Task prompt:
For this exercise, copy exactly the lines below from the one with "Relax in your" through the one with "Ceramic bowl with" and leave out the pictures.

Stored data:
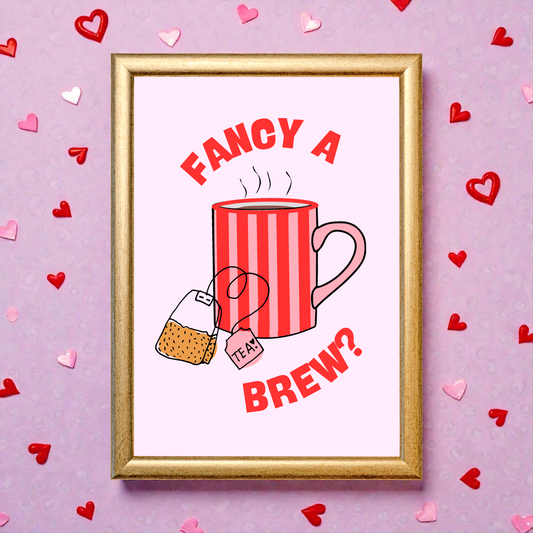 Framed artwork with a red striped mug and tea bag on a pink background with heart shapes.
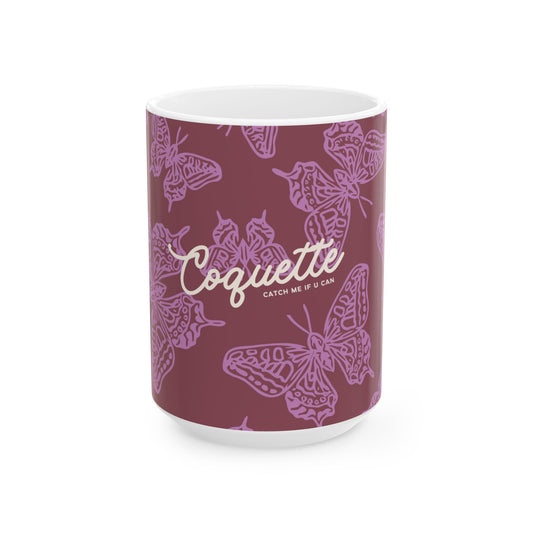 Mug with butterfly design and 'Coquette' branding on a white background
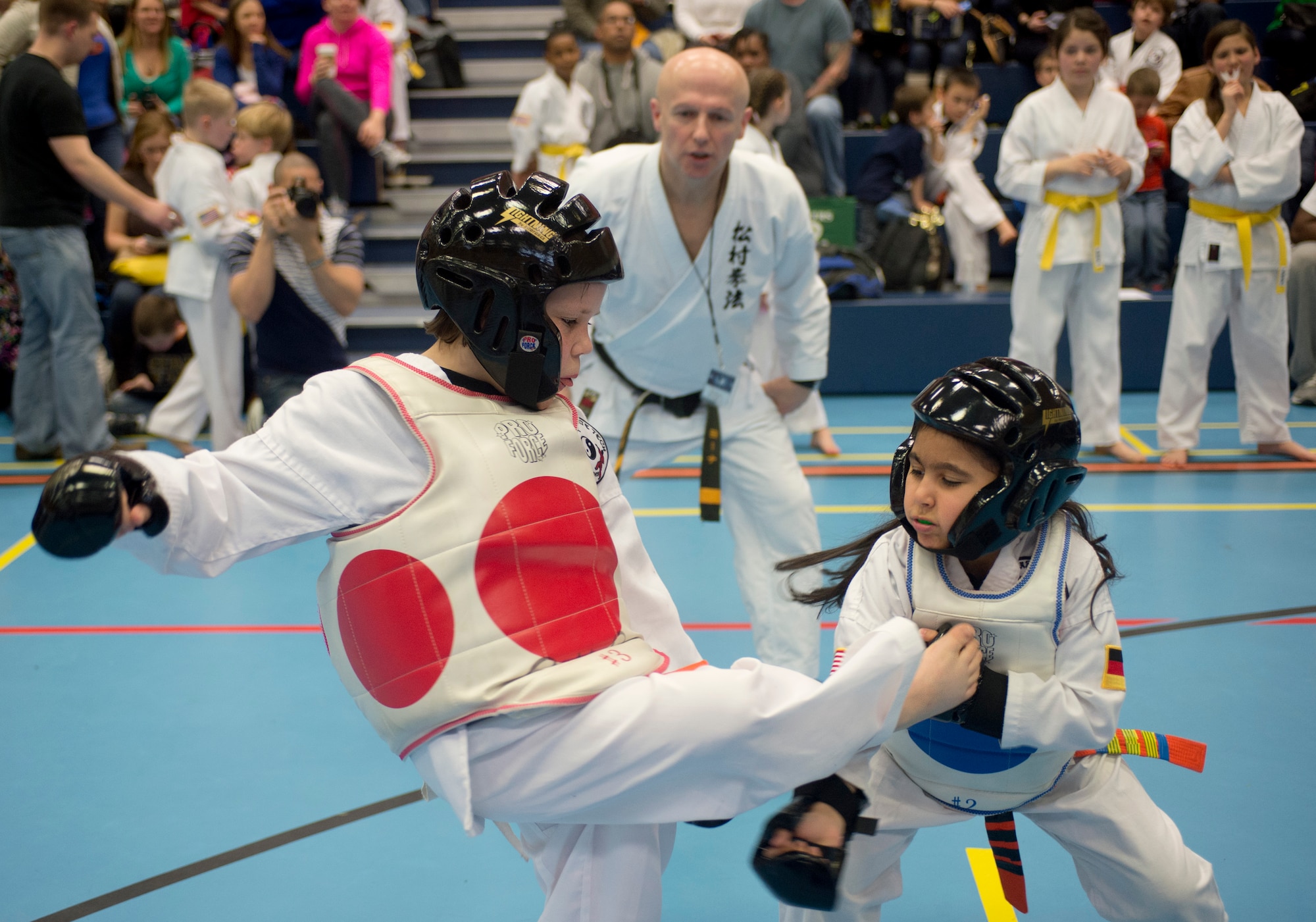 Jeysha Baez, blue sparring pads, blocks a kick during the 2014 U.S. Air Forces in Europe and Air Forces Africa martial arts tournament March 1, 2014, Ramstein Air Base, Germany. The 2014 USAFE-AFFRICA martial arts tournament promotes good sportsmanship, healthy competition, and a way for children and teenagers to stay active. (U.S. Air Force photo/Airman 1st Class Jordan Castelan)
...
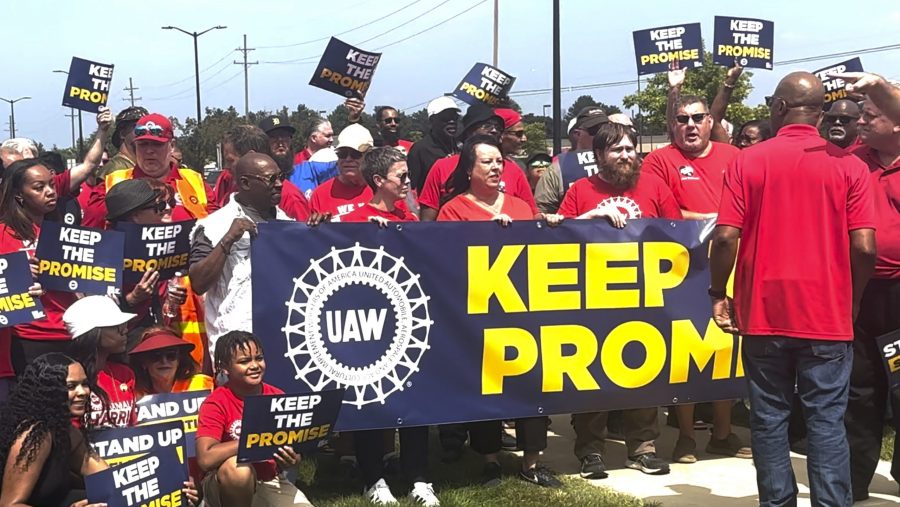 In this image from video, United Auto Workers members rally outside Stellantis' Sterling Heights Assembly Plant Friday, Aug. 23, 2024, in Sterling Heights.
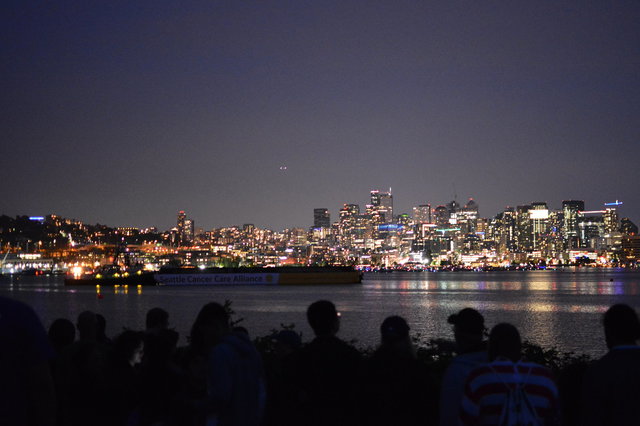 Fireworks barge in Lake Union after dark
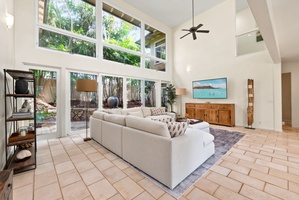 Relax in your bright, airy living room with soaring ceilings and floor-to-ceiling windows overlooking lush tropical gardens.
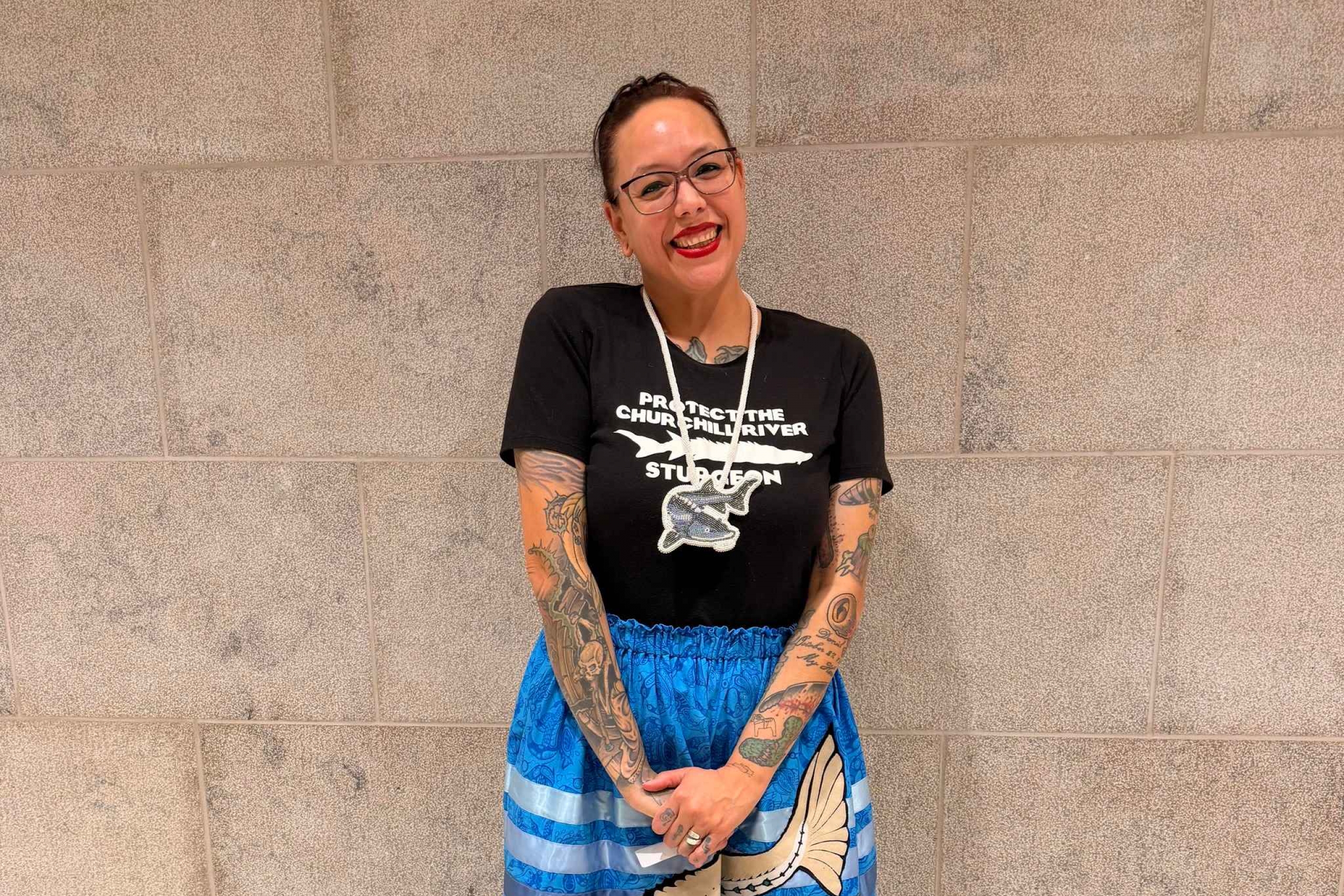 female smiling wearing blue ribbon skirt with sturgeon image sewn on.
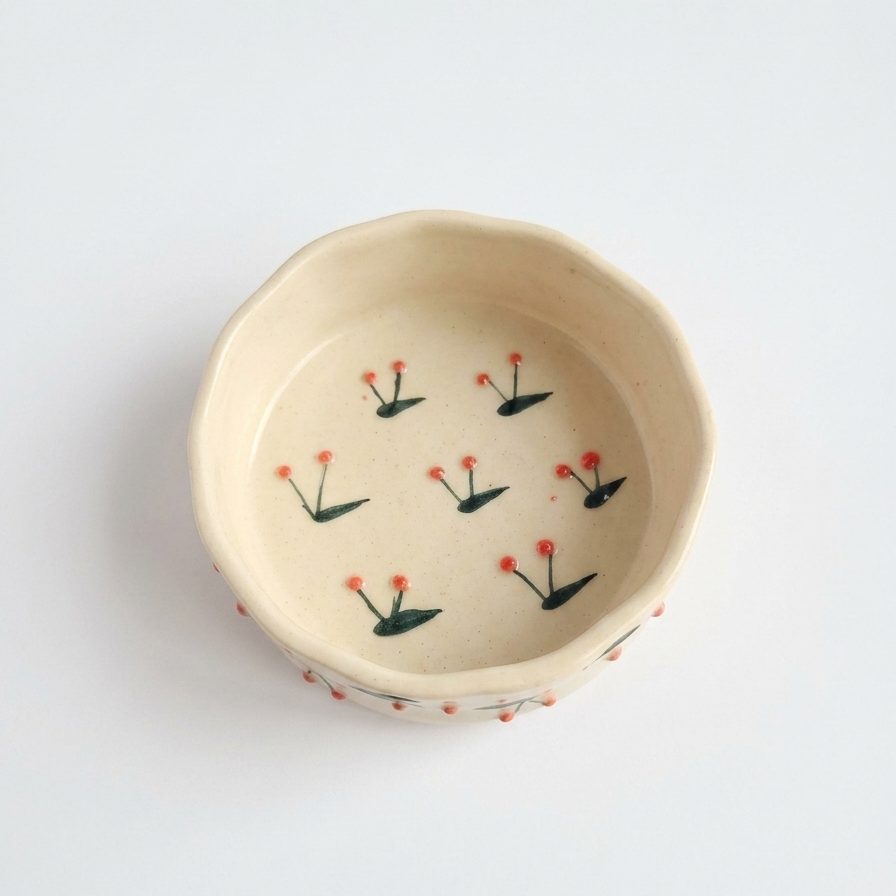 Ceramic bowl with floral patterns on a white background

Solution:
 Relax in your bright, airy living room with soaring ceilings and floor-to-ceiling windows overlooking lush tropical gardens.
 female smiling wearing blue ribbon skirt with sturgeon image sewn on.
 Ceramic bowl with floral patterns on a white background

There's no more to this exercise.